==== RECORDS SUPPLIED
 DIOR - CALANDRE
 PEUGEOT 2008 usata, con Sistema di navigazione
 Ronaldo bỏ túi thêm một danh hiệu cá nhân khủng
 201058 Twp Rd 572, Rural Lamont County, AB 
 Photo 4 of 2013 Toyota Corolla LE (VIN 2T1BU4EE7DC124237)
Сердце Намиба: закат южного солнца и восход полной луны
========
==== RECORDS SUPPLIED
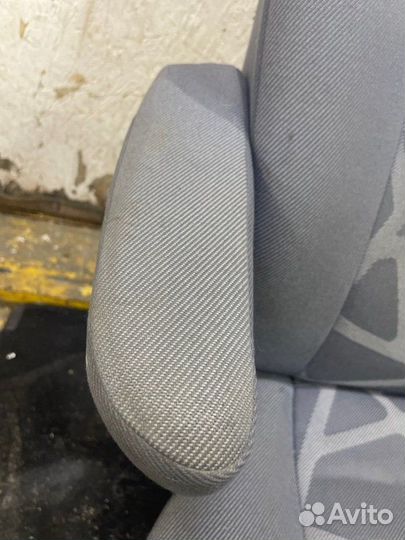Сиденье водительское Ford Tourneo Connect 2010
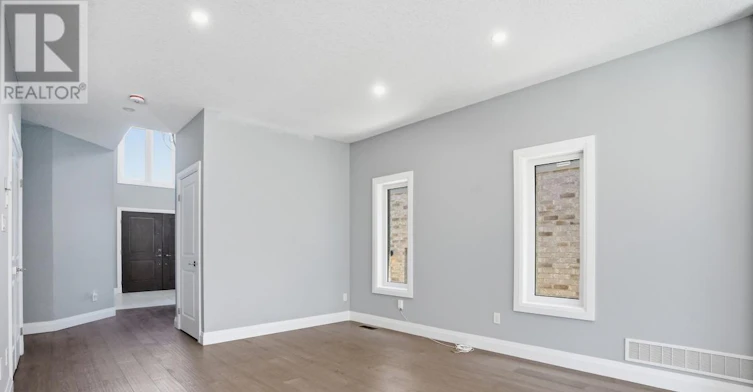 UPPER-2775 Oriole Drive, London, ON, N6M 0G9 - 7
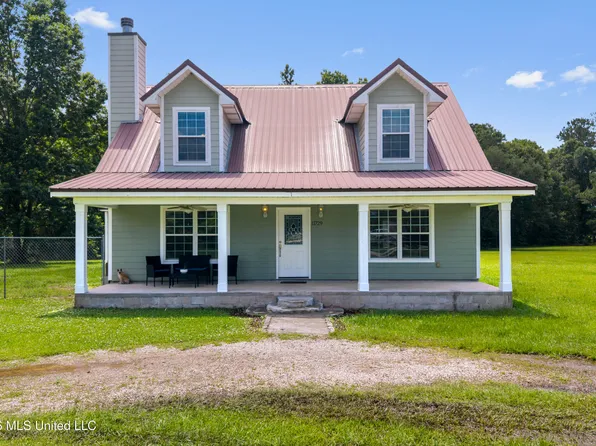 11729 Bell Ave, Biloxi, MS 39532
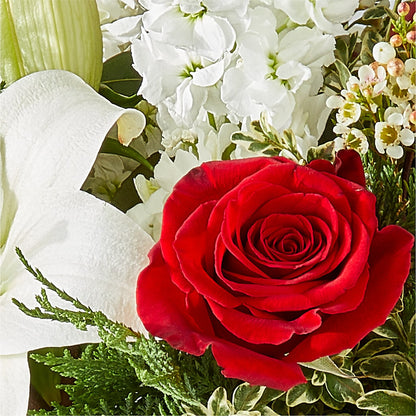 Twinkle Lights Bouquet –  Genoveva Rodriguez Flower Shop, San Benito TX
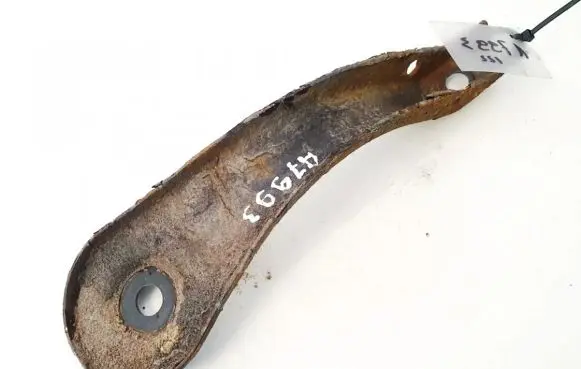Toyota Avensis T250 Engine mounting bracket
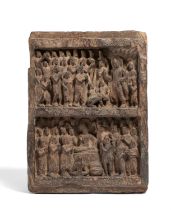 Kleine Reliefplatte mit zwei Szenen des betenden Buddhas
========
==== RECORDS SUPPLIED
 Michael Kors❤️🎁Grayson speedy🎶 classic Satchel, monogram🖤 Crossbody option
========
[THE TASK]
Quote the lines above exactly, starting with the one that has "UPPER-2775 Oriole Drive, London, ON, N6M" and ending with the one that has "Kleine Reliefplatte mit"; drop the pictures and include nothing else.

[TASK ANSWER]
 UPPER-2775 Oriole Drive, London, ON, N6M 0G9 - 7
 11729 Bell Ave, Biloxi, MS 39532
 Twinkle Lights Bouquet –  Genoveva Rodriguez Flower Shop, San Benito TX
Toyota Avensis T250 Engine mounting bracket
 Kleine Reliefplatte mit zwei Szenen des betenden Buddhas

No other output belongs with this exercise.